> [RECORDS SUPPLIED]
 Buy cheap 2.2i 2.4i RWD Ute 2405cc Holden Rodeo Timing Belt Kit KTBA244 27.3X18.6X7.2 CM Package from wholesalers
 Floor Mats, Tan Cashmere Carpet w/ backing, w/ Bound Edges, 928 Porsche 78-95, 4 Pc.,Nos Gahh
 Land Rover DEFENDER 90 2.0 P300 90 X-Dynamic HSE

---

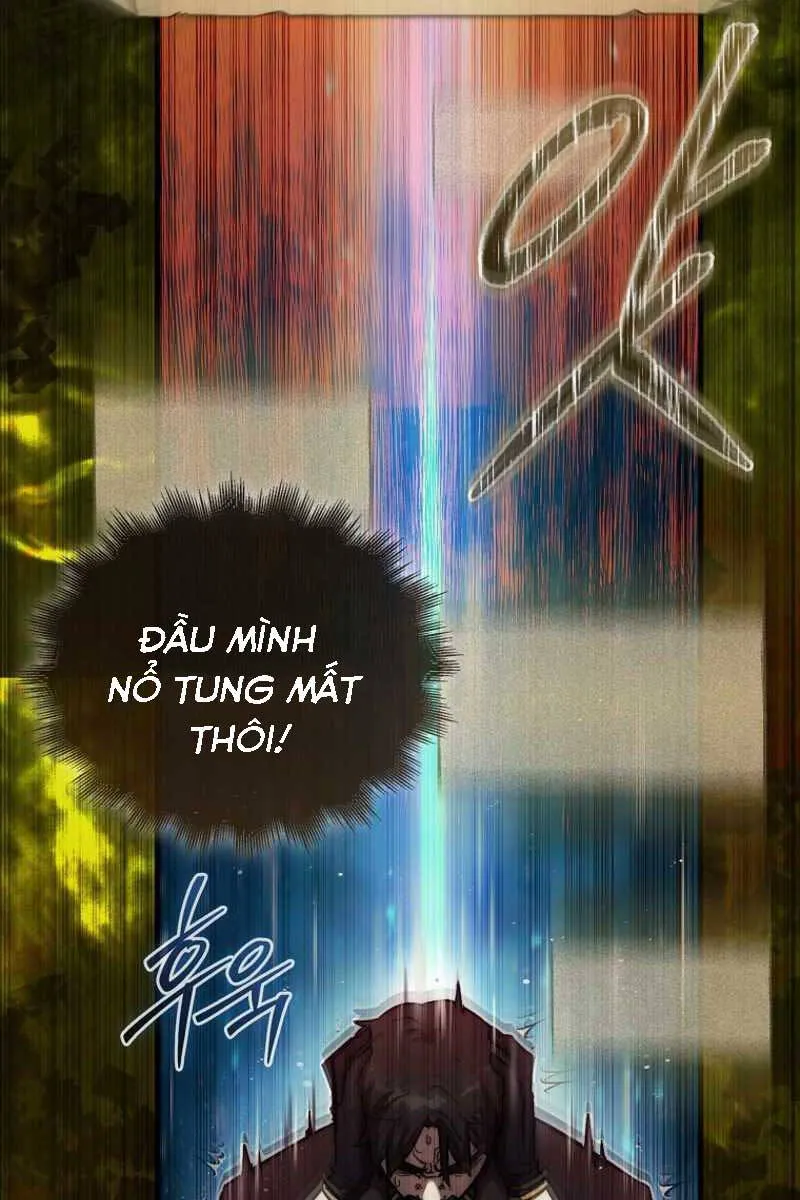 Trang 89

* * *

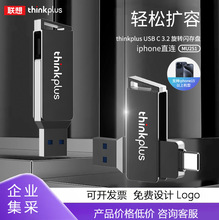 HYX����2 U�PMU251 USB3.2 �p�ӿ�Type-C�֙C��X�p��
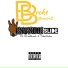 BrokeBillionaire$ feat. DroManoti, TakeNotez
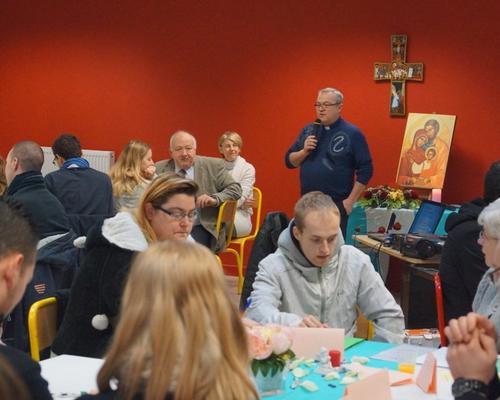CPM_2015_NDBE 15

> [TASK TO COMPLETE] Copy back exactly the lines above from the one containing "BrokeBillionaire$ feat. DroManoti, TakeNotez" through the one containing "CPM_2015_NDBE 15", and leave every picture behind.

> [REPLY TO THE EXERCISE]
 BrokeBillionaire$ feat. DroManoti, TakeNotez
CPM_2015_NDBE 15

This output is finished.